It was 8 a.m. Monday at the Ocean Course, and Tiger Woods' shirt was already soaked through with sweat, from his collar to his waistline.
"Yeah, he's not used to golfing in the summer in the Lowcountry," quipped one of the spectators who had gathered to watch Woods test out the putting green on the 16th hole. For the audience, as for the athletes, Kiawah Island's top-notch golf course is at once a thing of beauty and a challenge. While the professionals navigate ocean winds and bedeviling sand hazards, the onlookers will face their own dilemma: How to stay cool and hydrated.
For starters, you can bring your own bottle of unopened water — that means factory-sealed bottles, no reusable Nalgene bottles. Since Aquafina is sponsoring the tournament, staff members will make you peel the label off your bottle if it's another brand. The PGA prohibits coolers on the course, so unfortunately water from home is only going to last you so long. You might want to consider freezing a bottle the night before to keep it cool.
Once you're inside, there are plenty of chances to buy more water and Gatorade, from the refreshment tents near the entrance to the Beverage Oasis stands all along the course. If you paid the extra money for admission to the Wanamaker Club, you're in luck: The big white tent between the Front Nine and the Back Nine has the air conditioning cranked to 11. If you didn't pay for Wanamaker privileges, another good cool-down spot is the nearby golf shop, where you'll be as blown away by the rush of cool air as by the vast assortment of golf caps and shirts.
Getting from the parking lot to the course is fairly painless, as Maryland-based transportation company The Convention Store has a fleet of buses ready to shuttle people back and forth. They've worked more than a few PGA events before.

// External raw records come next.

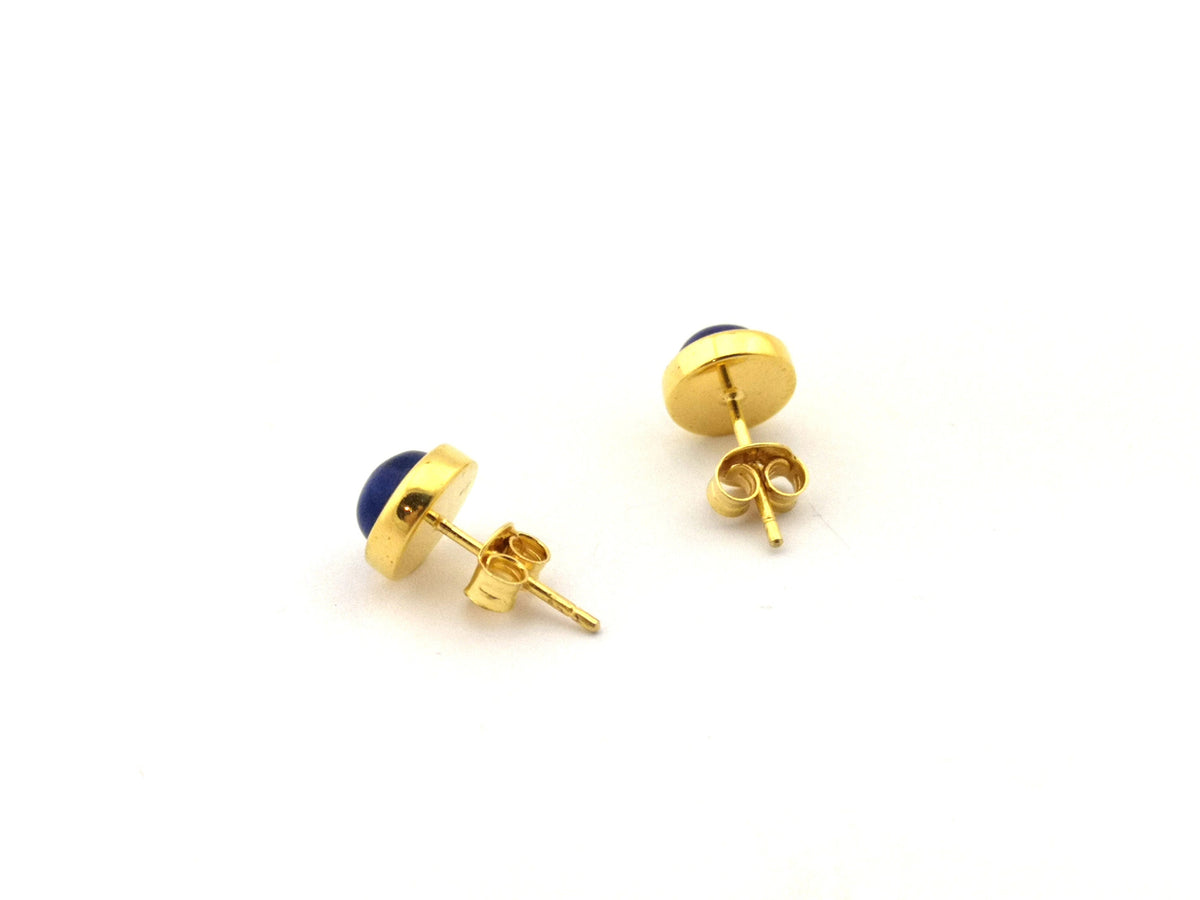 Lapislazuli Ohrstecker – vergoldetes 925 Silber, Afghanistan – Bild 4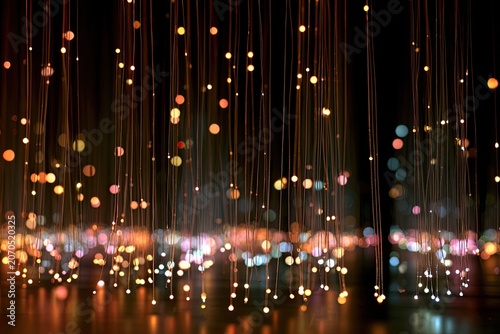 Glowing strands with bokeh lights create a magical, ethereal atmosphere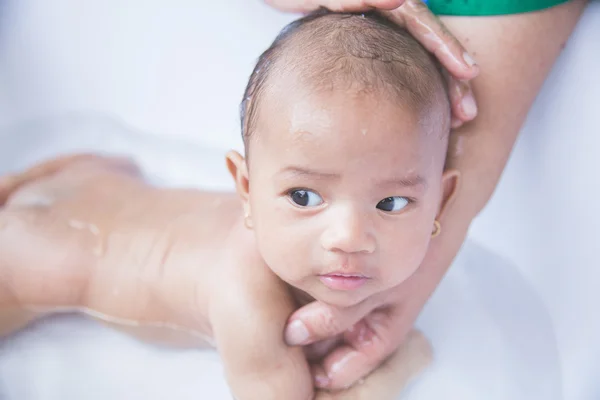Baby having a bath — Stock Photo, Image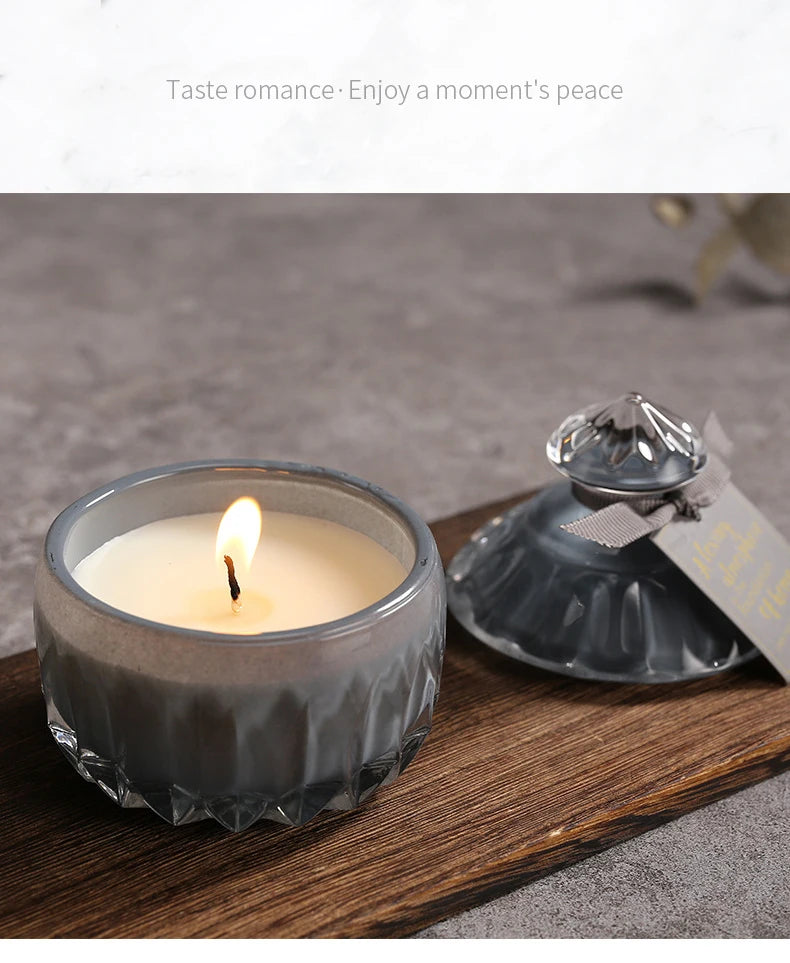 Ins Style Candy Glass Jar Scented Candle Essential Oils Soy Wax Candle Aromatherapy Home Decoration Birthday Xmas Gift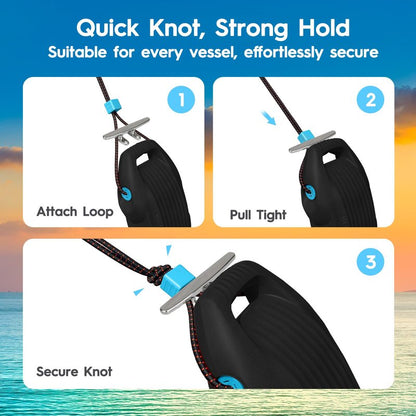 AWEMUFA 4 Pack EVA Boat Fenders for Docking, Large Boat Bumpers for Docking Upgraded Black Boat Buoys Bumpers, Fit for Pontoon, Bass, Deck and Jon Boat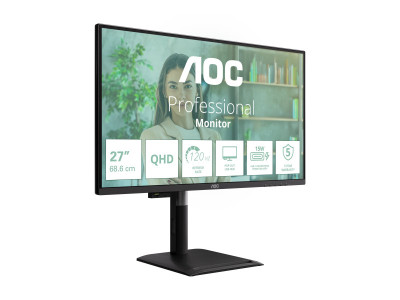AOC : 27IN IPS QHD 350CD/ 2HDMI/DP/3USB/USB-B/USB-C/HP/HAS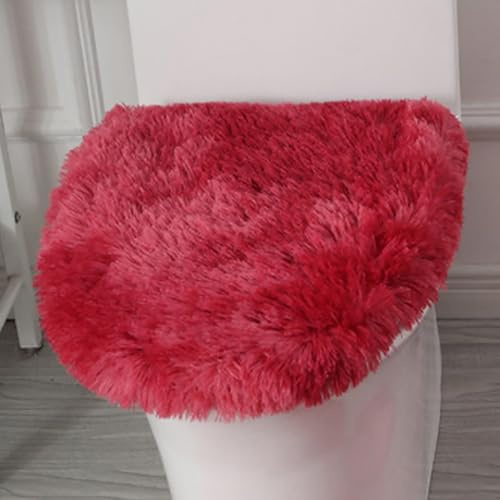 Insun Soft Fluffy Toilet Seat Cover, Washable Absorbent Lid Cover, Adjustable Non Slip Backing for Most Bathroom Toilet Lids Tie-Dyed Wine Red 17.7 x 19.7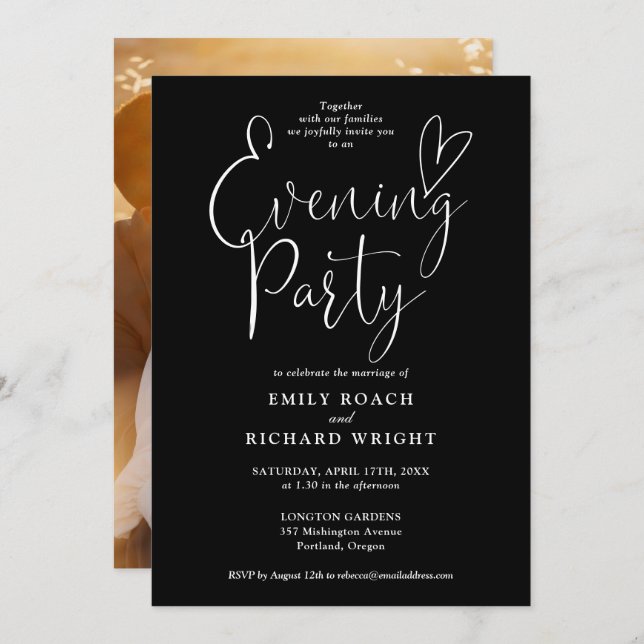 Elegant Script Photo Wedding Evening Party Invitation (Front/Back)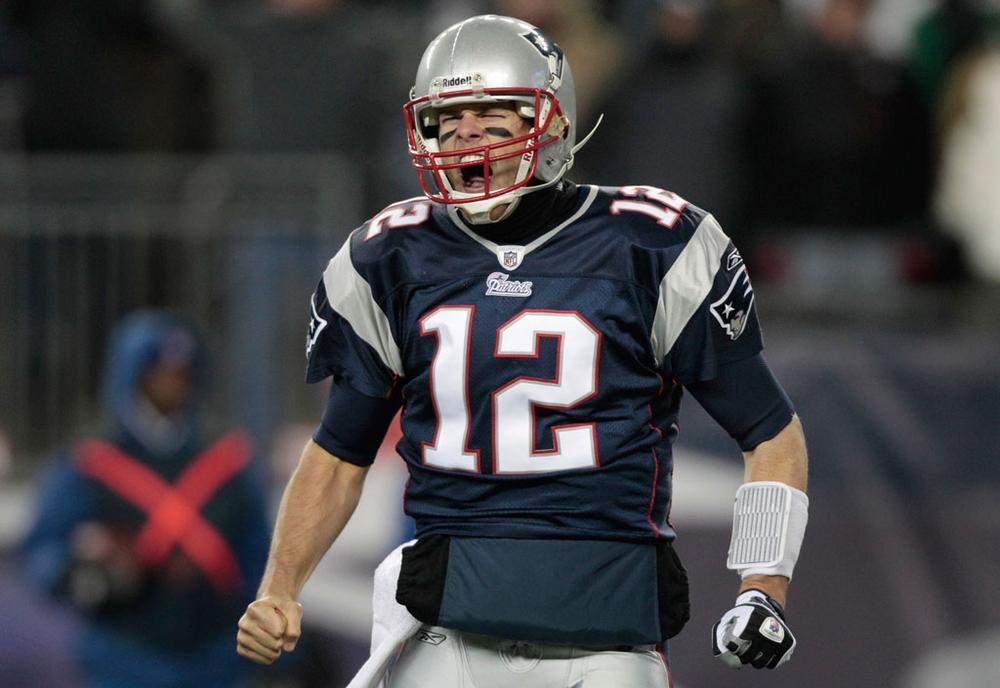 Patriots quarterback Tom Brady after a touchdown by running back BenJarvus Green-Ellis against the New York Jets during the first quarter on Monday night (Charles Krupa/AP)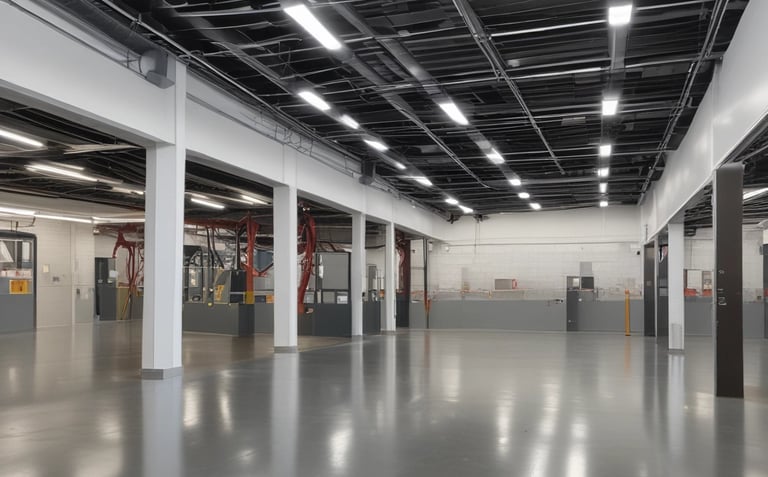 Close-up of a painter applying fresh paint on a wall indoors.
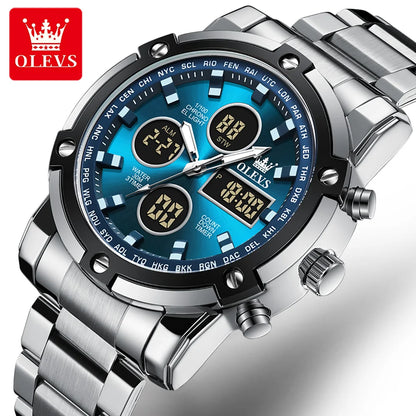OLEVS Men’s Watch – Water-resistant stainless steel quartz wristwatch with LED display – Sporty and trendy style (model 1106)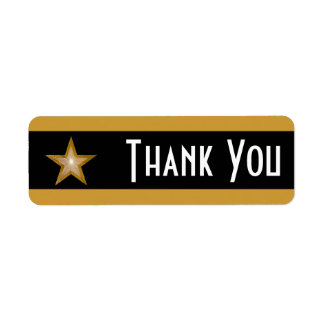 "Gold" Star stripe 'Thank you' label small black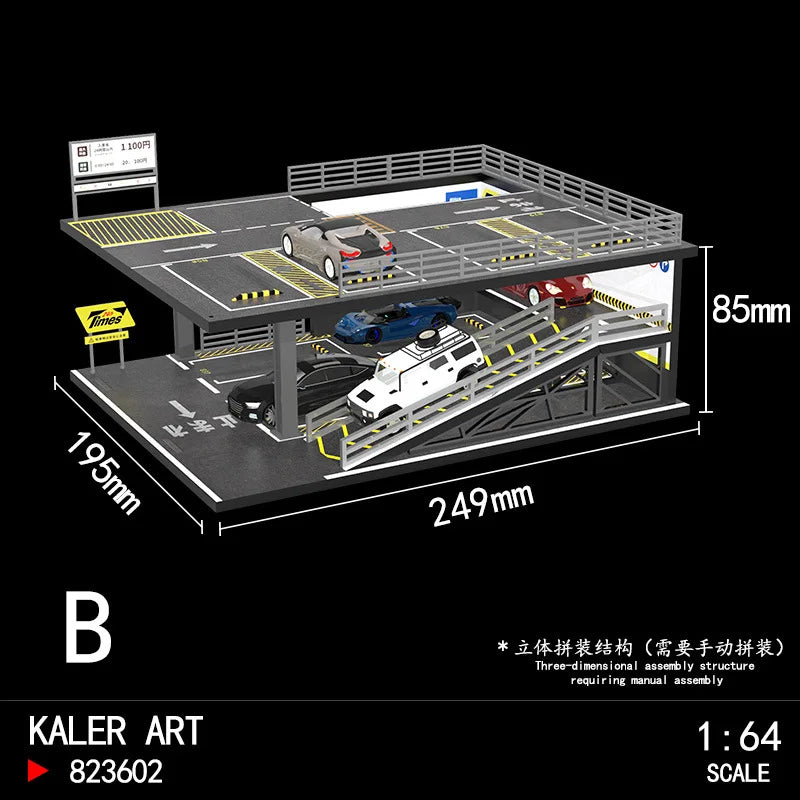 A three-dimensional assembly structure for a 1:64 scale miniature garage diorama kit featuring cars and lighting.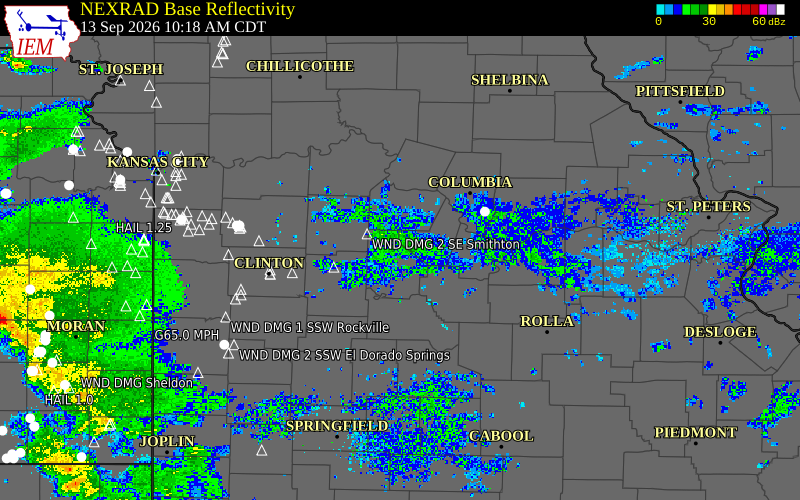 Current NEXRAD radar over Morgan County, Missouri with recent storm report locations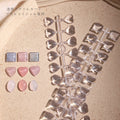 TSZS 48pcs Heart Oval Round Square False Nail Gel Polish Tips Color Chart Flat Back Display Card
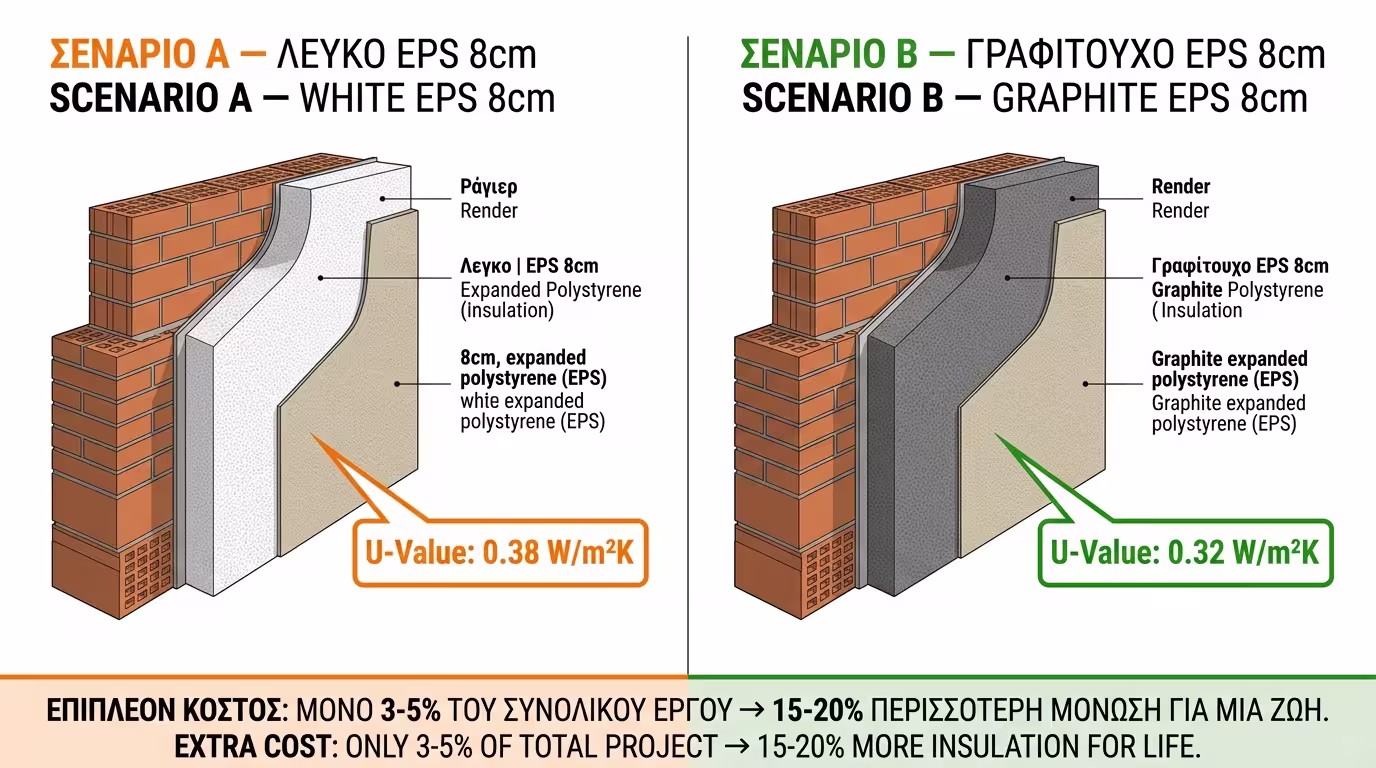 Μοντέλο 10x10 - σύγκριση λευκού και γραφιτούχου EPS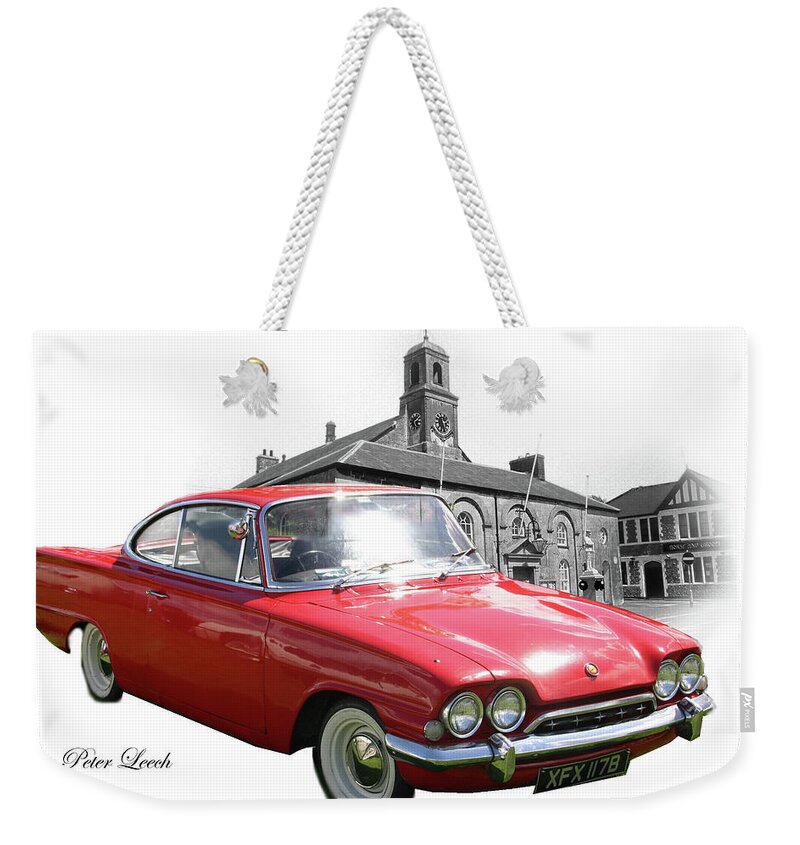 British Weekender Tote Bag featuring the digital art Ford Classic Capri by Peter Leech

Bear in mind, though, that the bus ride can take as long as 30 minutes, and then there's the matter of showing your ticket and getting your bags searched for weapons. If you're planning to catch a 7:20 a.m. tee time, plan accordingly.
Also, make sure you take note of your parking lot section number before catching the bus so you know where to get off when you return. As one transportation employee warned Monday morning at the No. 3 stop, "Don't get off at No. 2, 'cause then you gotta walk all the hell the way down here."
Yes, you can bring your cell phone, but no, you can't shoot photos or videos with it during the Championship. The staff is allowing photography during the practice rounds (Aug. 6-8), although they're telling people to wait to snap photos until after a player swings.
And we're sure you're considerate enough to know this, but just as a reminder: Keep that phone on vibrate or silent. You don't want to feel the wrath of the PGA.
You can't bring outside food past the gates, so you're going to want to refuel during the day. A good hot-day option at the Wanamaker Club is an order of three shrimp tacos ($10), drizzled in a light, refreshing cilantro cream sauce. The pulled-pork barbeque sandwich ($8) is less impressive, prepared in a faintly peppery North Carolina style (sorry, S.C. purists) and fairly dry for lack of sauce. There are also several booths along the course selling burgers, hot dogs, and deli sandwiches.
Beer is available on the course (Landshark and Michelob Ultra go for $6), but if you're going all-in on the golf drinks, the bars are pushing the Wanamaker Tee Time ($9-$10, depending on location), a drink with tea, lemonade, and Ketel One lemon-lime vodka. It's light on the vodka and served from a chilled water-cooler jug.
One last note, and this is probably a no-brainer if you've been to a golf tournament before: Wear your walking shoes. Not only will you be schlepping from hole to hole, but the narrow walkways are mostly made of sand and gravel, with a few muddy spots. If a storm comes, things could get slippery in a hurry.